Flimmernde Bilder, schimmernde Pailletten
by Kristin Schmidt
Lustvoll, reich, üppig – Olga Titus verschmilzt Ornament und Landschaft, Technik und Sinnesreiz. Sie entwirft allumfassende Bildwelten, die im Kunstmuseum Thurgau am richtigen Platz sind: In unmittelbarer Nähe zum alten Klostergarten installiert sie ein begehbares Paradiesgemälde.
Warth — Wälder brennen, Gärten vertrocknen, Fluten schwemmen Leben weg, Monokulturen dominieren ganze Landstriche – der Garten Eden scheint ferner als je zuvor. Doch die Sehnsucht nach dem irdischen Paradies ist ungebrochen. Auch in der Kunst findet sie ihren Widerhall. So hat Olga Titus den Gewölbekeller des Kunstmuseum Thurgau in eine paradiesische Grotte verwandelt. Der Raum ist üppig ausgestaltet: Wände, Boden, Decke – alles flimmert im Spiel von Licht, Farben und Motive.

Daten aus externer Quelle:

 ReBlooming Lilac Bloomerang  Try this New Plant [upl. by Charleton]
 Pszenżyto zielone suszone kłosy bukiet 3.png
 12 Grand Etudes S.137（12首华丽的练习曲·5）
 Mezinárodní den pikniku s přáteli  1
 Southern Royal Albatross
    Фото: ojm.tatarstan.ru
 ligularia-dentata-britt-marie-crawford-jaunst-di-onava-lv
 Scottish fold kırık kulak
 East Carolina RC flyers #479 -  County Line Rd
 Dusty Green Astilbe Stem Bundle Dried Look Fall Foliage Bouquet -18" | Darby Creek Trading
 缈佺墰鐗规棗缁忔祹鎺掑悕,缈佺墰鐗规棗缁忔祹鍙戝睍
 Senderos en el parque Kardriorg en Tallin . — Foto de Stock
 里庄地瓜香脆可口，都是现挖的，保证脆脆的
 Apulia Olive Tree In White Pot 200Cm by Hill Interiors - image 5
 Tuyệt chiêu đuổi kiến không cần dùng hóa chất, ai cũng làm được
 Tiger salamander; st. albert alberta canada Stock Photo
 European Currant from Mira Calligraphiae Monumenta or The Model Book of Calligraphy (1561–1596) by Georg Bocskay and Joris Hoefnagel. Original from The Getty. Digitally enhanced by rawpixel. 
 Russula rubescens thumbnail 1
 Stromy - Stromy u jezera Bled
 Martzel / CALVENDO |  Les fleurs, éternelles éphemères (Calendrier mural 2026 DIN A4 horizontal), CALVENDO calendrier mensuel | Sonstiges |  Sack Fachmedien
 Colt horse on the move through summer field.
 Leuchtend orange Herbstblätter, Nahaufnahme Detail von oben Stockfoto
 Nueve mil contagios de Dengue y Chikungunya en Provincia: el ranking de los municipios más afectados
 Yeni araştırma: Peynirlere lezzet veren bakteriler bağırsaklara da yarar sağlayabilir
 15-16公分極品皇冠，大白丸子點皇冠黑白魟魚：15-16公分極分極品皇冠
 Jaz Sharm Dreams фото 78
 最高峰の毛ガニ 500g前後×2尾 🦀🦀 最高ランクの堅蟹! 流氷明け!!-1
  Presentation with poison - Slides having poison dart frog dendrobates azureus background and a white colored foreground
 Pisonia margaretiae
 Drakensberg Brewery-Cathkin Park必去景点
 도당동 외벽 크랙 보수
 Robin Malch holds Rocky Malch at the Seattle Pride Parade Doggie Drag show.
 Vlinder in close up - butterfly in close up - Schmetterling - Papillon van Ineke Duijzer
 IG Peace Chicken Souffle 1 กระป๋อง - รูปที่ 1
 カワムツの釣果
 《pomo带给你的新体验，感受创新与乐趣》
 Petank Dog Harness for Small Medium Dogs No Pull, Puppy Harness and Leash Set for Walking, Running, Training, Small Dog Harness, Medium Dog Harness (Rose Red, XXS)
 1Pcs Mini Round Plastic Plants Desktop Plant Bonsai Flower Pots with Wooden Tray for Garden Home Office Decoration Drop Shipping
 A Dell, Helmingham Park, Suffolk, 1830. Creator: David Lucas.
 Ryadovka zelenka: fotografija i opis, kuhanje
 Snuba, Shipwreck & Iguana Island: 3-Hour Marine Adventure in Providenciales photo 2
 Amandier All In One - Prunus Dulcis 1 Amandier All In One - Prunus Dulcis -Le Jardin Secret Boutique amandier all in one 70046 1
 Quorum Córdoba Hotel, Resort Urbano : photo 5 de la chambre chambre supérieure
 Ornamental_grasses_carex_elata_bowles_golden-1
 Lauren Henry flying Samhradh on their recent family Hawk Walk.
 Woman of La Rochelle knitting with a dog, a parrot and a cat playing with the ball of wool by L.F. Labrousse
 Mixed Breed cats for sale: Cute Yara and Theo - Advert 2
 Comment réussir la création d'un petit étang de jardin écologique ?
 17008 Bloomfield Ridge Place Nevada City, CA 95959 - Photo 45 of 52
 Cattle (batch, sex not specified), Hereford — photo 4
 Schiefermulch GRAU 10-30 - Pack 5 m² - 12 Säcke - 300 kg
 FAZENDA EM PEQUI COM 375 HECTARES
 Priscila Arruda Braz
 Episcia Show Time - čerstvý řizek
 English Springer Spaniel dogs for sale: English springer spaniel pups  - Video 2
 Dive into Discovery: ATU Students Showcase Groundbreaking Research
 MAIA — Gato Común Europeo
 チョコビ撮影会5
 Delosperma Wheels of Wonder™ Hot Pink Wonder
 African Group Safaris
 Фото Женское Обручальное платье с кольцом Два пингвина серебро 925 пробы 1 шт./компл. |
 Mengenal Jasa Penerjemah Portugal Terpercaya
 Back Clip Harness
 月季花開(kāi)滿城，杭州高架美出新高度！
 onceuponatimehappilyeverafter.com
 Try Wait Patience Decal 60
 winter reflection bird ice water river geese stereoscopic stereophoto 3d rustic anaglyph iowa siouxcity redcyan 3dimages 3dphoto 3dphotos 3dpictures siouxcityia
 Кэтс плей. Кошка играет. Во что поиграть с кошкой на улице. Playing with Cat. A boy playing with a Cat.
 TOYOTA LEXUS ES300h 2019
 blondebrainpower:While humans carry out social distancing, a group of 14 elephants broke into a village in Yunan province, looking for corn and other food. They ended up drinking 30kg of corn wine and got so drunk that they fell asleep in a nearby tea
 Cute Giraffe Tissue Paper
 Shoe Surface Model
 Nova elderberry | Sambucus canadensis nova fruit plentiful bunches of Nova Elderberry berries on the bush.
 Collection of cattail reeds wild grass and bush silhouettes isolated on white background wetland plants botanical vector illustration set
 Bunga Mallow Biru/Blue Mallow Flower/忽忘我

Doch halt, vor diesen optischen Rausch setzt die Künstlerin eine schrittweise künstlerische Annäherung: Sie zeigt im ersten Ausstellungssaal neue Lenticulardrucke, bei denen winzige Prismen einen dreidimensionalen Eindruck oder einen Wackeleffekt erzeugen. Bekannt ist die Technik seit Jahrzehnten vor allem von Ansichtskarten. Die einst analogen Aufnahmen sind bei Olga Titus digitalen Ausgangsbildern gewichen. Die Zürcher Künstlerin kombiniert vorhandene digitale Elemente, eingescannte analoge Bildschnipsel und frei dazu gesetzte Formen. Dank des Lenticularverfahrens entstehen tiefe Bildräume aus mehreren, räumlich anmutenden Schichten. Zentimeterweise ändert sich je nach Blickwinkel die gesamte Ansicht. Überdies sind Videoobjekte integriert, die ebenfalls dafür sorgen, dass kein Bildmoment dem anderen gleicht. Dies als blosse technische Spielerei abzutun, wäre verfehlt. Die Technik und die überbordenden optischen Effekte sind Teil von Titus’ zeitgemässer Auseinandersetzung mit dem Medium Malerei. Die Künstlerin ist noch mit der Malereimappe ins Kunststudium eingezogen und hat sich bis hierin vorgearbeitet. Sie setzt mit dem digitalen Stift malerische Elemente als oberste Ebene ins Bild, konstruiert dreidimensionale Kippmomente und untersucht das Verhältnis von Linie zu Fläche. Eine andere Facette ihrer malerischen Bildsprache sind die Werke aus Wendepailletten. Zwei davon sind im Kunstmuseum Thurgau zu sehen – textile Grossformate aus Farbe, Licht, Reflektion und Raum, die sich mit einem Handstreich der Künstlerin wandeln. Nie wird ein Bildzustand dem anderen gleichen: Hier bekommt gestische Malerei neue räumliche und zeitliche Dimensionen und ist zugleich verwandt mit der alten Kunstform der Tapisserie. Damit schlägt sie die Brücke zur Rauminstallation. Dort verbinden sich Tapeten, Teppich, pinkfarbenes Leuchten und Sound, dort wachsen Pilze und Bäume, prangen Früchte und Blüten, glitzern Teich und Wasserfall. Könnte so das Paradies aussehen? Die Antwort findet nur, wer eintaucht.